During a Massachusetts winter in 2024, Handy and McNamara bought a small space heater and created the entirety of 20247 in McNamara’s garage studio while braving an average temperature of 39° F. Many of the songs were written and recorded in a single night, and the longest one clocks in at a mere 2:50. The pair would start by writing guitar for a track based off of hummed or sung melodies in Handy’s voice memos, gradually and intrinsically piecing together the structure of a song through their own mutual understanding of each other. Recording everything to tape, they maintained their commitment to off-the-cuff analog output. 20247 feels rough around the edges and unmistakably human, shaped by Handy and McNamara’s symbiotic creative flow. Fractured, dynamic bursts of commotion collide with moments of measured restraint; it’s short and to the point with no energy wasted – a trademark Taxidermists quality. The duo’s easy chemistry and free-spirited tendencies are a kismet combination, and 20247 sees this camaraderie reach new peaks via 12 earworms that leave you both satisfied and instantly wanting more.

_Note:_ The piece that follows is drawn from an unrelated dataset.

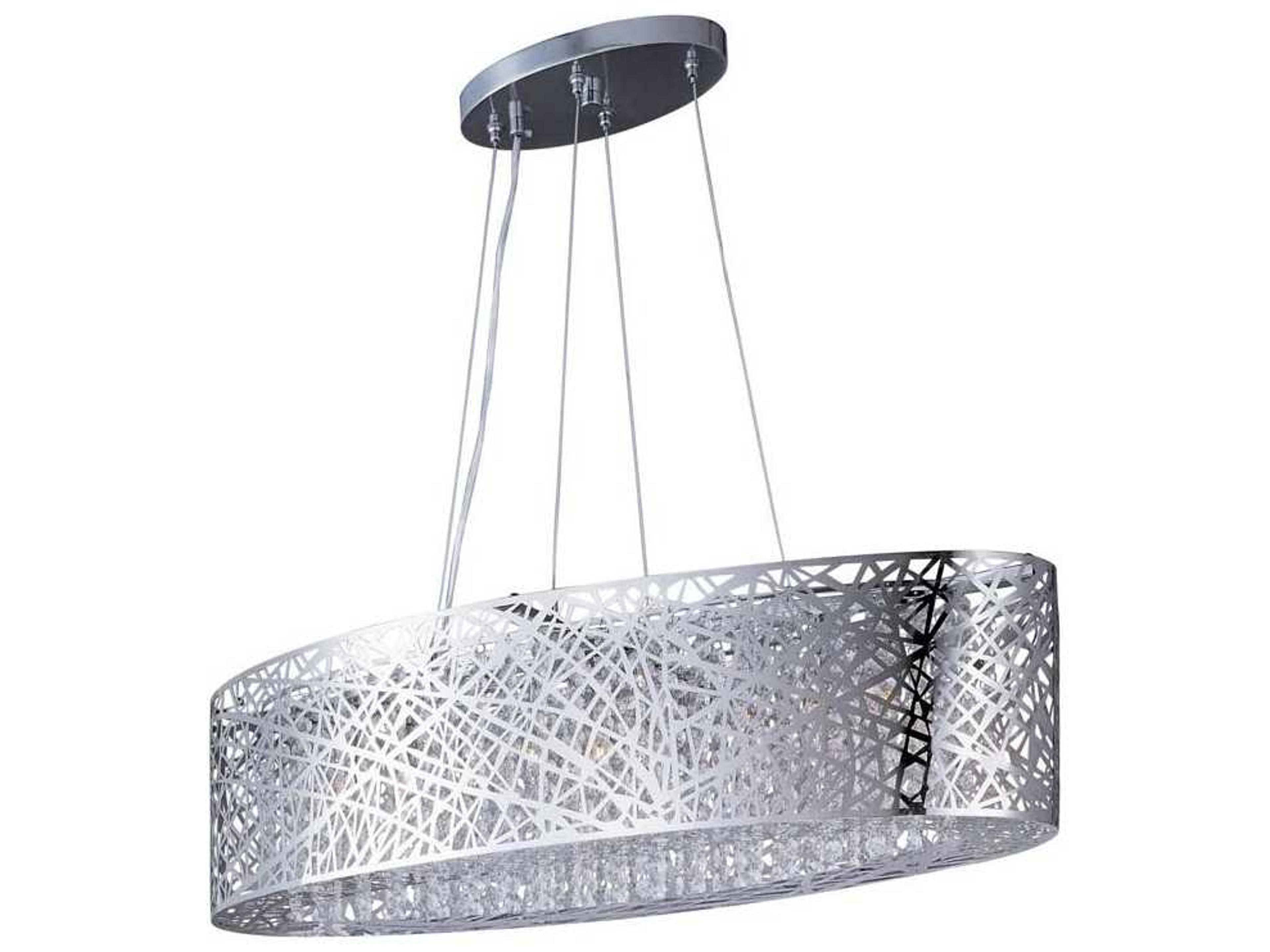 ET2 Inca 9-Light Polished Chrome Crystal LED Linear Island Pendant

The lyrics collage together unrestrained sketches that recollect a time, place, or feeling with abstract charm. “We graft together a bunch of moments that become a feeling that becomes a song,” they say of their process. Perhaps this is best showcased on the frenetic lead single “Shoot,” a conceptual representation of a blurry late night in a beach town that lovingly brings in each chorus with the disjointed ring of a cowbell. Elsewhere, they explore common misconceptions about pleasure (“Sweet Guilt”); growing up in a small town and learning over time to appreciate it (“Grow Up”); the labors of love and the toll that can take on any relationship dynamic (“Service Disservice”); late artists who receive most of their accolades post-mortem (“Gone Away”), and more. Their musings are fleeting and contemplative, ultimately serving to appreciate and distill what it’s like to simply be alive.

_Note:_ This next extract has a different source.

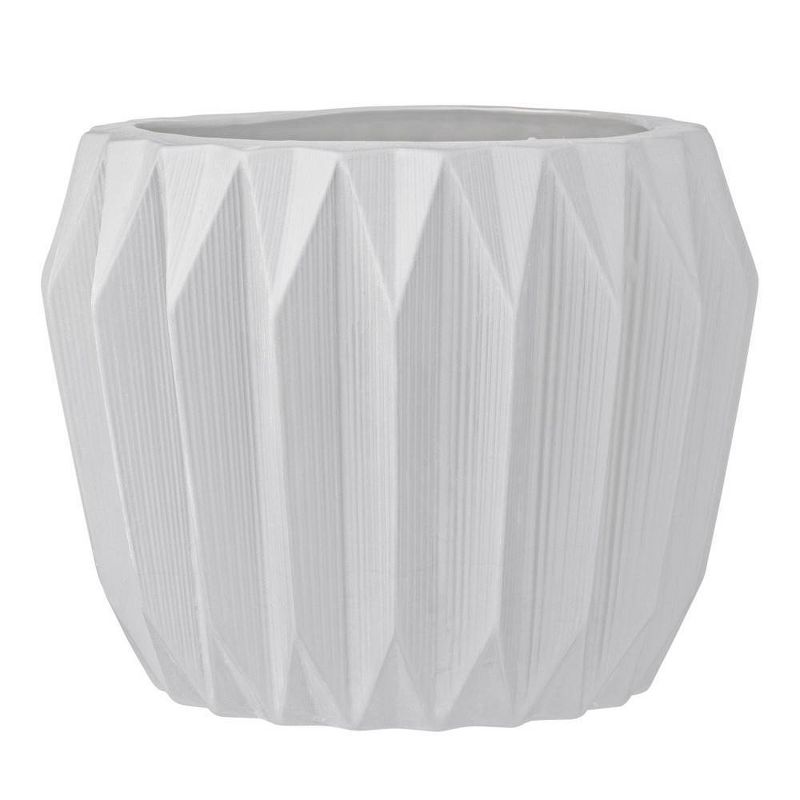 Ceramic Fluted Flower Pot - White (7&#34;) - Storied Home, 1 of 7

Handy and McNamara have a sleight of hand with words, and 20247 only begins to crack their codes. Some of the album’s lyrics can feel like a maze, twisting and unraveling in repetition until they suddenly make perfect sense. On the rhythmic “Needles to Say,” a standout track bolstered by an impenetrable groove, the two seem to be conversing in their own secret language: “Needless to say / like needles to hay / and vice versa the other way.” “Does The Wind Know” is at once a winter anthem that gets its name from a humorous late night thought (‘does the wind know that you’re cold?’), and an ode to believing in yourself and what you’re doing. And for all its lyrical abstractness, 20247 also has moments of inspiring precise and poignant feelings: “Let The Music Save Them” is an earnest tribute to deceased musicians of this generation that the band describes as “a tonal anchor in the Taxidermists canon.” Handy’s voice tugs at heartstrings, a crucial third instrument that melds together the drums and guitar like a unifying thread.

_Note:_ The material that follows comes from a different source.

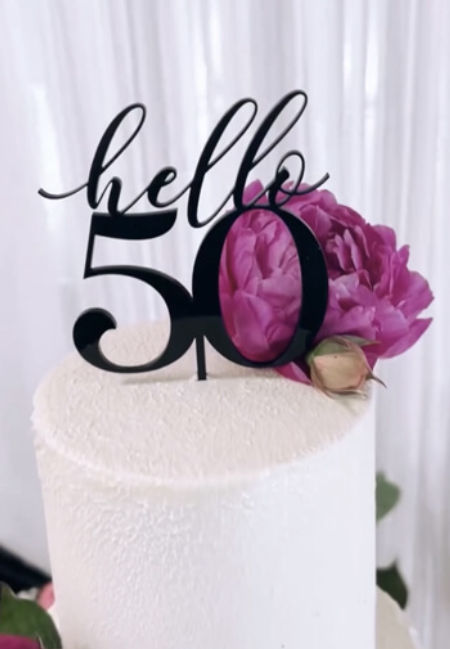 Topper urodzinowy kobiecy - hello+wiek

20247 is a labor of love at its core, in the many shapes that love can take. “Youʼve got what you have and it's hard to find,” Handy sings on album centerpiece “Love You,” a simple song that defines the trajectory of the band and the record. After 15 years together, 20247 feels like a celebration of the music Taxidermists have always wanted to make, and on their own terms of success.